Reinforcement Learning: Q and Q(λ) speed difference on Windy Grid World environment

1.5k Views Asked by At

Preface:

I have attempted to solve this Windy-Grid-World env. Having implemented both Q and Q(λ) algorithm, the results are pretty much the same (I am looking at steps per episode).

Problem:

From what I have read, I believe that a higher lambda parameter should update more states further back leading up to it; therefore, the amount of steps should decrease much more dramatically than regular Q-learning. This image shows what I am talking about.
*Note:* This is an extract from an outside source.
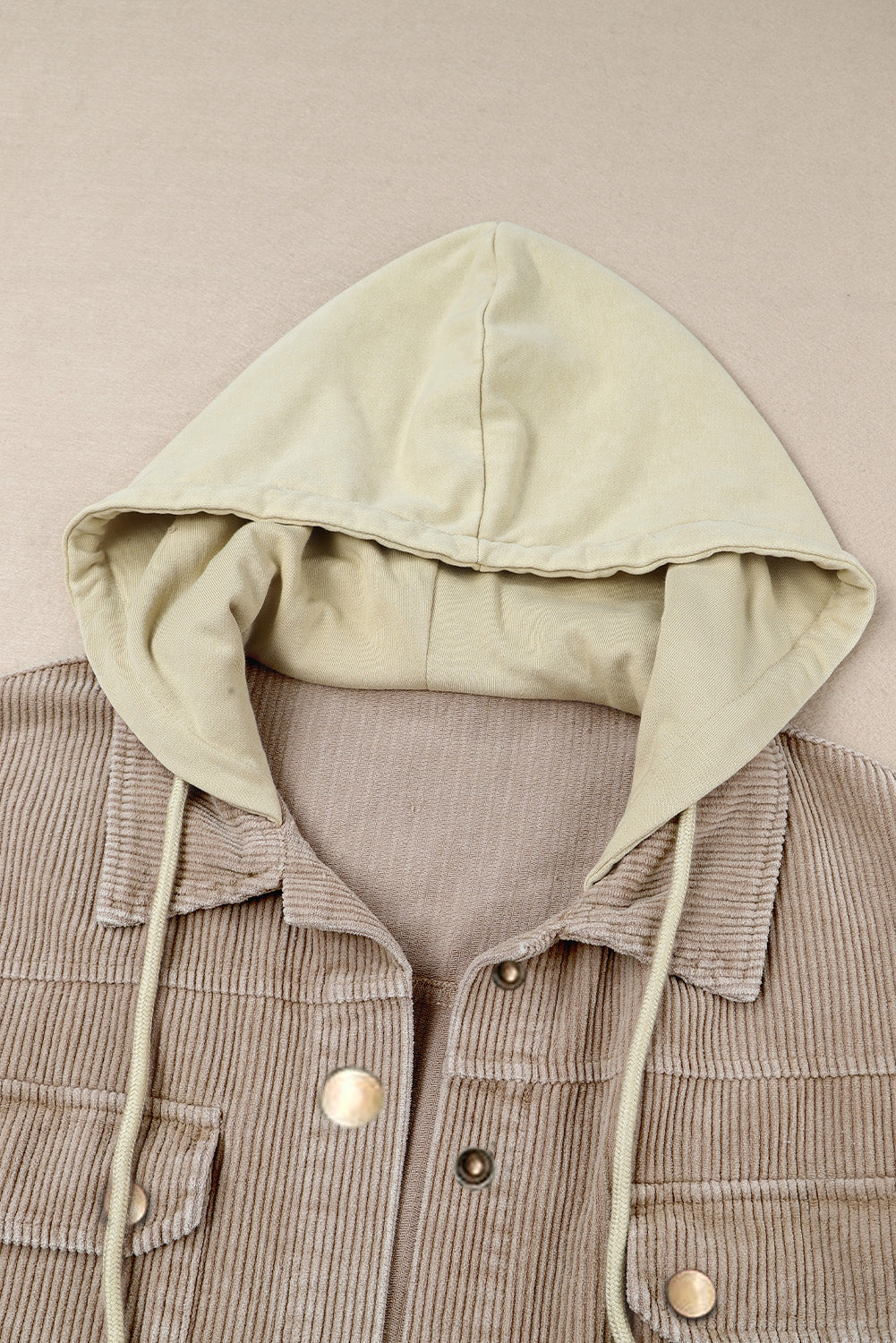Patchwork Hooded Corduroy Jacket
Is this normal for this environment or have I implemented it wrong?

Code:

import matplotlib.pyplot as plt
import numpy as np
from lib.envs.windy_gridworld import WindyGridworldEnv
from collections import defaultdict

env = WindyGridworldEnv()


def epsilon_greedy_policy(Q, state, nA, epsilon):
    '''
    Create a policy in which epsilon dictates how likely it will 
    take a random action.

    :param Q: links state -> action value (dictionary)
    :param state: state character is in (int)
    :param nA: number of actions (int)
    :param epsilon: chance it will take a random move (float)
    :return: probability of each action to be taken (list)
    '''
    probs = np.ones(nA) * epsilon / nA
    best_action = np.argmax(Q[state])
    probs[best_action] += 1.0 - epsilon

    return probs

def Q_learning_lambda(episodes, learning_rate, discount, epsilon, _lambda):
    '''
    Learns to solve the environment using Q(λ)

    :param episodes: Number of episodes to run (int)
    :param learning_rate: How fast it will converge to a point (float [0, 1])
    :param discount: How much future events lose their value (float [0, 1])
    :param epsilon: chance a random move is selected (float [0, 1])
    :param _lambda: How much credit to give states leading up to reward (float [0, 1])

    :return: x,y points to graph
    '''

    # Link state to action values
    Q = defaultdict(lambda: np.zeros(env.action_space.n))
    # Eligibility trace
    e = defaultdict(lambda: np.zeros(env.action_space.n))

    # Points to plot
    # number of episodes
    x = np.arange(episodes)
    # number of steps
    y = np.zeros(episodes)

    for episode in range(episodes):
        state = env.reset()

        # Select action
        probs = epsilon_greedy_policy(Q, state, env.action_space.n, epsilon)
        action = np.random.choice(len(probs), p=probs)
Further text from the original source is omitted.